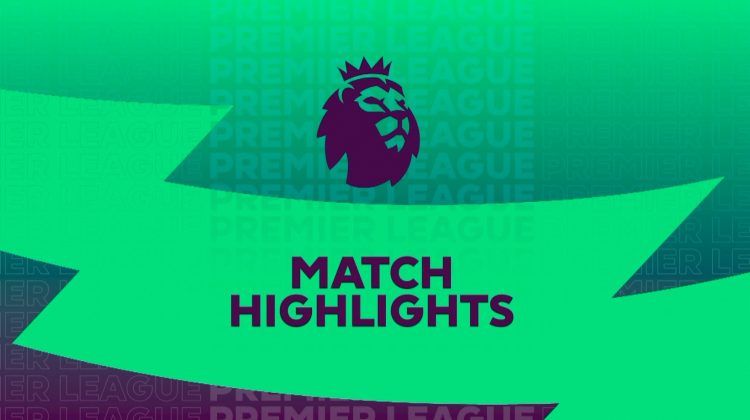 Premier liga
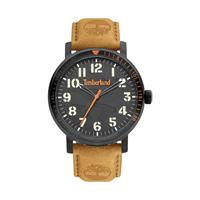 Timberland Heren horloges TDWGA2101601, grijs, voor Heren, 4894816004323, EAN: TDWGA2101601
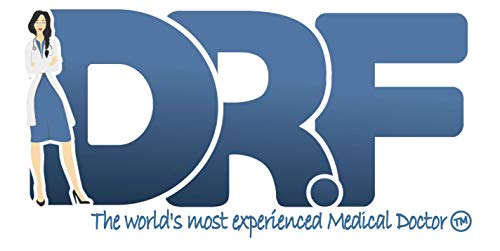 Pixie Dust Magnesium By Dr. Farrah World Renown Medical Doctor | Vibrant Energy Production | Healthy Sleep & Relaxation | Optimal Bone, Muscle, & Tissue Function #TOP7
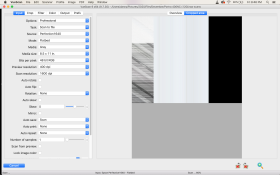 Screen Shot 2020-12-11 at 8.46.33 PM.png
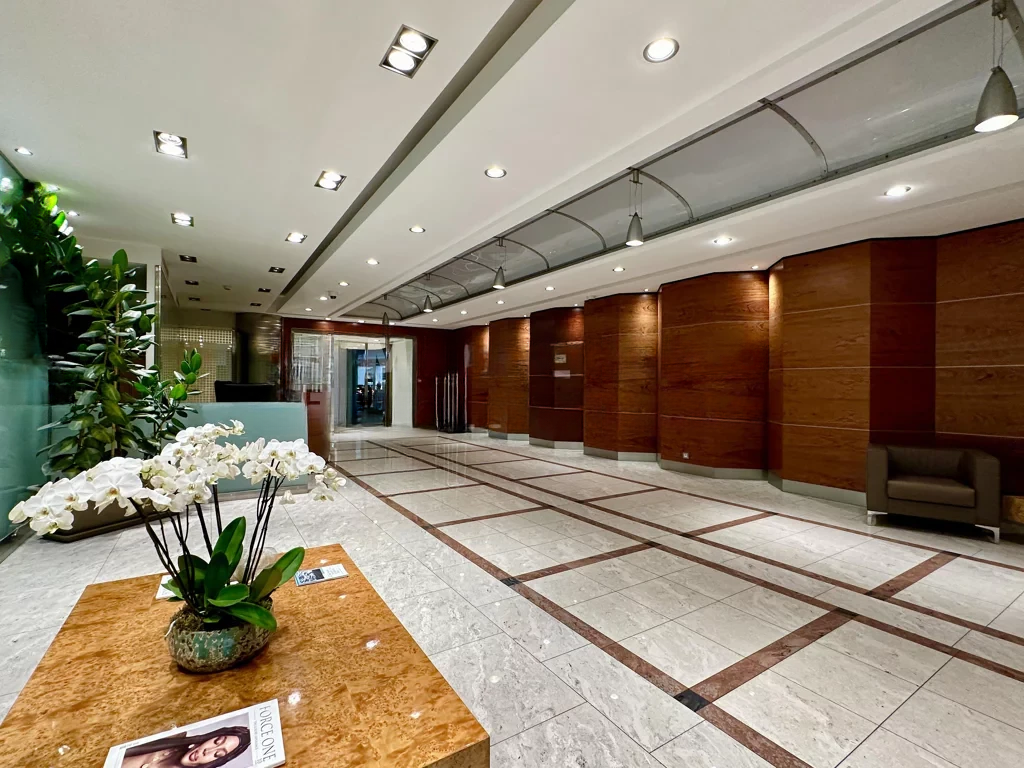 Квартира в Монако, Монако, 40 м² - фото 3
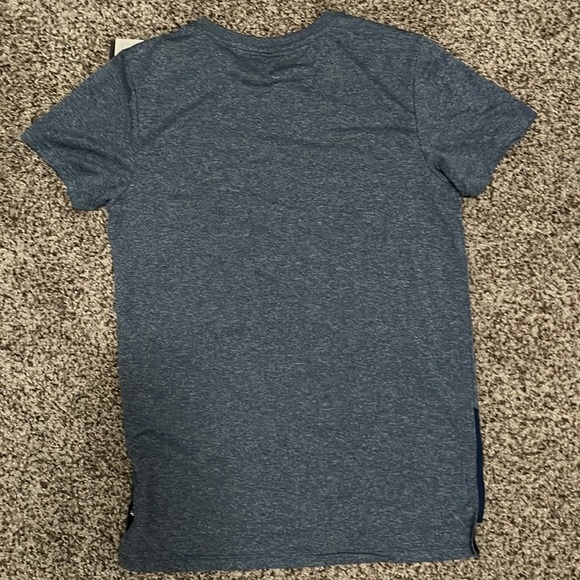 Cotton On Coar Performance Active Tee - Picture 2 of 3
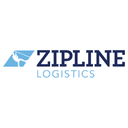 Zipline Logistics logo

........

▶ **TASK DIRECTIONS**:
Produce an exact copy of only those lines that run from the line with "Cotton On Coar" to the final line of the records, including both; exclude images.

▶ **ANSWER SECTION**:
 Cotton On Coar Performance Active Tee - Picture 2 of 3
 Zipline Logistics logo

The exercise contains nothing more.